Collected data entries:
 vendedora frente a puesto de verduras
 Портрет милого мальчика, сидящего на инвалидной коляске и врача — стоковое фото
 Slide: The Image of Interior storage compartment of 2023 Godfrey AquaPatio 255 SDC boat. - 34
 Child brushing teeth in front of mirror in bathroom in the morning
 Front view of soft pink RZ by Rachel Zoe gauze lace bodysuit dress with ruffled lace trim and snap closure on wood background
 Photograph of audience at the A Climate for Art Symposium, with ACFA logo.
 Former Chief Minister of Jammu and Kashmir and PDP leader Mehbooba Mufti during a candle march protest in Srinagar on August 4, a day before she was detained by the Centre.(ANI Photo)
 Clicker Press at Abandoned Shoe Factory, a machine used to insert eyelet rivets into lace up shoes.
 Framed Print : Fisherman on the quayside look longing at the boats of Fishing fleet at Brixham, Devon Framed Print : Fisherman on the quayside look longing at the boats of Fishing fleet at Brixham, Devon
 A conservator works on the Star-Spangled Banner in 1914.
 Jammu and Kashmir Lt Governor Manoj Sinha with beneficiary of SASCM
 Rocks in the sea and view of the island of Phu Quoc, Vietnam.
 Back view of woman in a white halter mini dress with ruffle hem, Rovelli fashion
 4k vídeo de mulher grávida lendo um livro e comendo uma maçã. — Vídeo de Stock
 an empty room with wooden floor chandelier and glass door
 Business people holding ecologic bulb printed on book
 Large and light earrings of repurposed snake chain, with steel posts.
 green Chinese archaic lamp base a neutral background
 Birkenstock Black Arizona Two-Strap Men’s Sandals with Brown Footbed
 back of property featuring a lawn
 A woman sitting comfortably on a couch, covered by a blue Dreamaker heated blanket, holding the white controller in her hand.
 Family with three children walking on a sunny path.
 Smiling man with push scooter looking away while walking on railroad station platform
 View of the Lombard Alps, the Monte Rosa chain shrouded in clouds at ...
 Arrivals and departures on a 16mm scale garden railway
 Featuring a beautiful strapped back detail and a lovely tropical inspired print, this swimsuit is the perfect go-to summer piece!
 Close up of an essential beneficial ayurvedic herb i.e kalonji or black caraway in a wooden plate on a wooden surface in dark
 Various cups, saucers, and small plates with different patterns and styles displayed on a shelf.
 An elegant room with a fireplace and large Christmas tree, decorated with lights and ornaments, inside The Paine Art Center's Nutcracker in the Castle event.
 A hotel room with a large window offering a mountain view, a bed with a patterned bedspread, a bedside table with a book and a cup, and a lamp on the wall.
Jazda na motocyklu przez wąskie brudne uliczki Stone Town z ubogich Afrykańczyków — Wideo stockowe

* **ACTIVITY**
Locate the word "Kashmir" in the entries, and copy every line where it is found.

* **EXPECTED OUTPUT**
 Former Chief Minister of Jammu and Kashmir and PDP leader Mehbooba Mufti during a candle march protest in Srinagar on August 4, a day before she was detained by the Centre.(ANI Photo)
 Jammu and Kashmir Lt Governor Manoj Sinha with beneficiary of SASCM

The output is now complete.